To avoid features with large numeric ranges dominating the classifier, enable scalar normalization:

Advanced > Use Scalar

CellProfiler Analyst Advanced settings menu showing the Use Scalar option enabled for feature scaling.

Train and inspect features

Train the classifier (button name may be “Train”, or training may happen automatically depending on your version/settings). CPA will show which measured features it is using.

Classifier interface showing model training results and a ranked list of influential features used for classification.

Evaluate the classifier

Next, we wish to check what the classifier is detecting in our two images. To do so, select:

Evaluation > Classification Report

CellProfiler Analyst Evaluation menu with the Classification Report option highlighted.

Then click Evaluate.

Classifier evaluation panel with the Evaluate button highlighted to generate a classification report.

CPA will show a report with metrics such as precision, recall, and F1.

Precision: of the cells predicted as Healthy, how many were labeled Healthy?
Recall: of the labeled Healthy cells, how many did the classifier identify as sch?
F1: a balanced score combining precision and recall (useful when classes are imbalanced, like here)

Classification report window showing metrics including precision, recall, and F1 score for Healthy and Unhealthy classes.

Score all images

As a further evaluation, we can predict phenotypes in all images using Score All.

CellProfiler Analyst classifier interface with the Score All option highlighted to apply the classifier to all images.

CPA will produce a table summarizing class enrichment per image/condition.
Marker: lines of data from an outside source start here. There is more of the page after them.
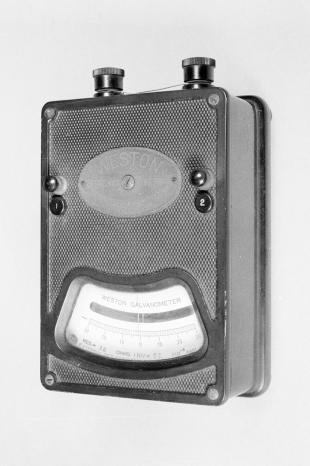 portable galvanometer with moving coil
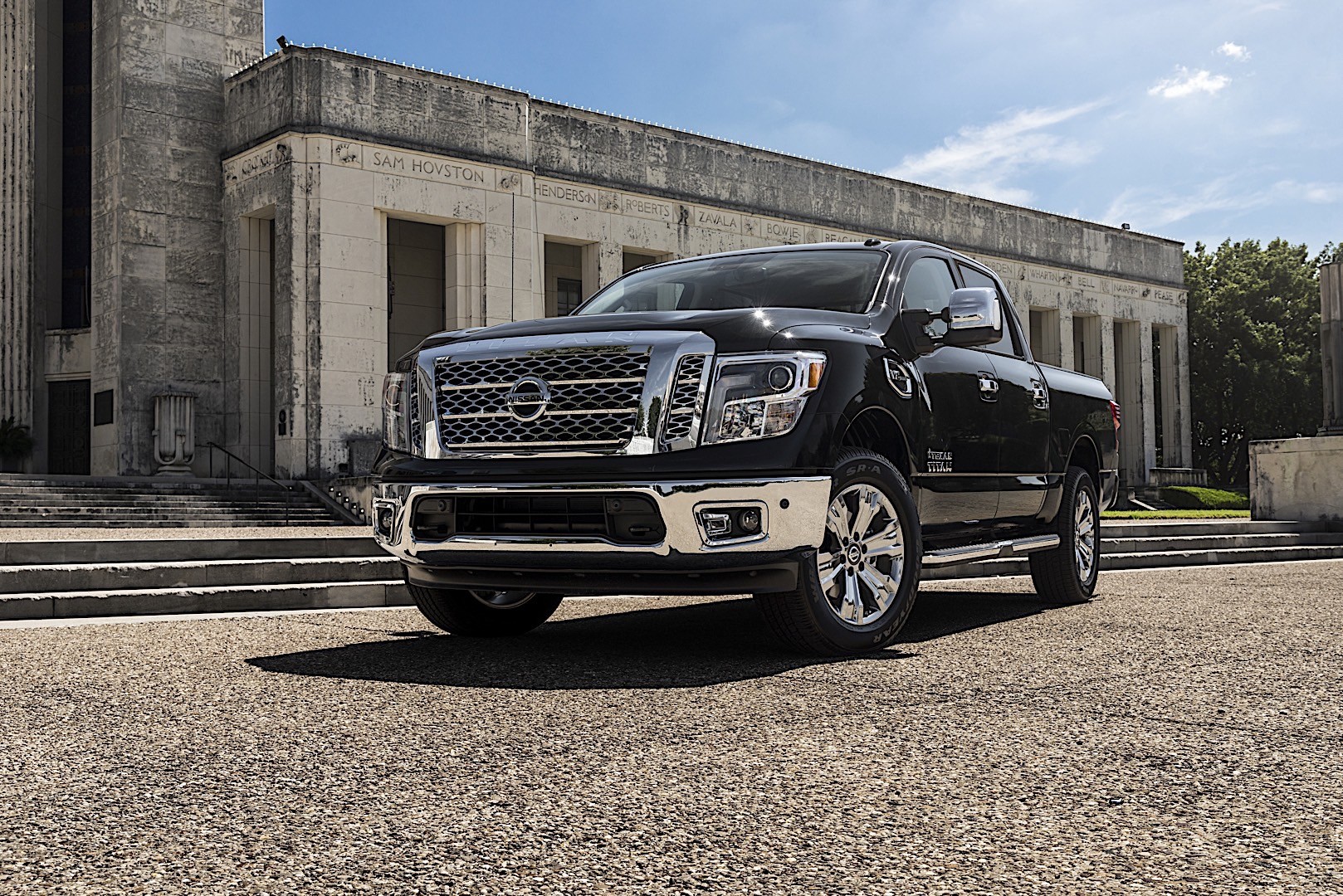 Nissan Titan Crew Cab photo 15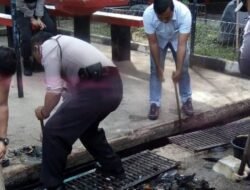 Goro Polsek Batu Ampar Sambil Panen Ikan Lele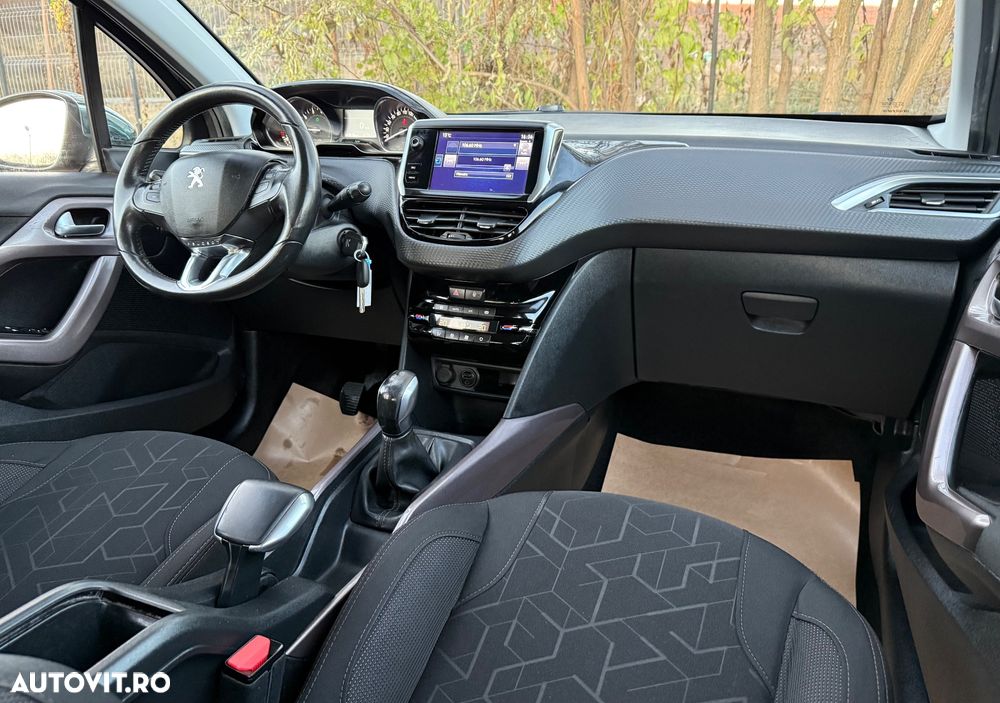 Peugeot 2008 PureTech 110 Stop&Start Allure - 20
In our dataset, you should see a trend consistent with the experiment: well B02 (i.e. DMSO) is (non-significantly) enriched for Healthy cells compared with cytoD-treated (B07) images.

Results table in CellProfiler Analyst showing per-image or per-condition counts/enrichment of Healthy versus Unhealthy classified cells.

Refining classifier

To further improve the classifier, we can add label cells that the classifier was uncertain about.
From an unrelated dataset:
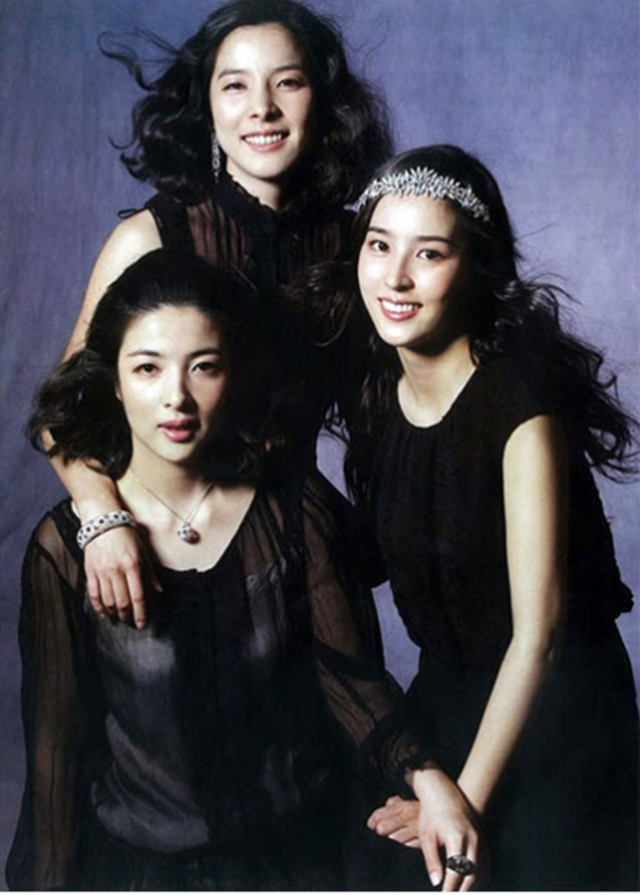 첬째 한무영, 둘째 한가영, 셋째 한혜진(왼쪽 아래부터 시계방향으로). 사진|tvN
CellProfiler Analyst view with option to fetch uncertain predictions highlighted.

If we sort these images into the labels and then hit Train again, we can get an increasingly accurate classifier.

Conclusions

You have now gone from segmentation and measurements (CellProfiler) to phenotype classification (CellProfiler Analyst). This workflow is powerful, but it only works well when:

you have sufficiently descriptive features and
there is a visual phenotype.

Key Points

CellProfiler Analyst can classify cellular phenotypes using the measurements exported by CellProfiler.
The properties file tells CPA how to find and interpret your database and images.
ExportToDatabase can generate CPA-ready outputs, but database may need extra filtering.
Classifier performance depends heavily on consistent labels and representative training examples.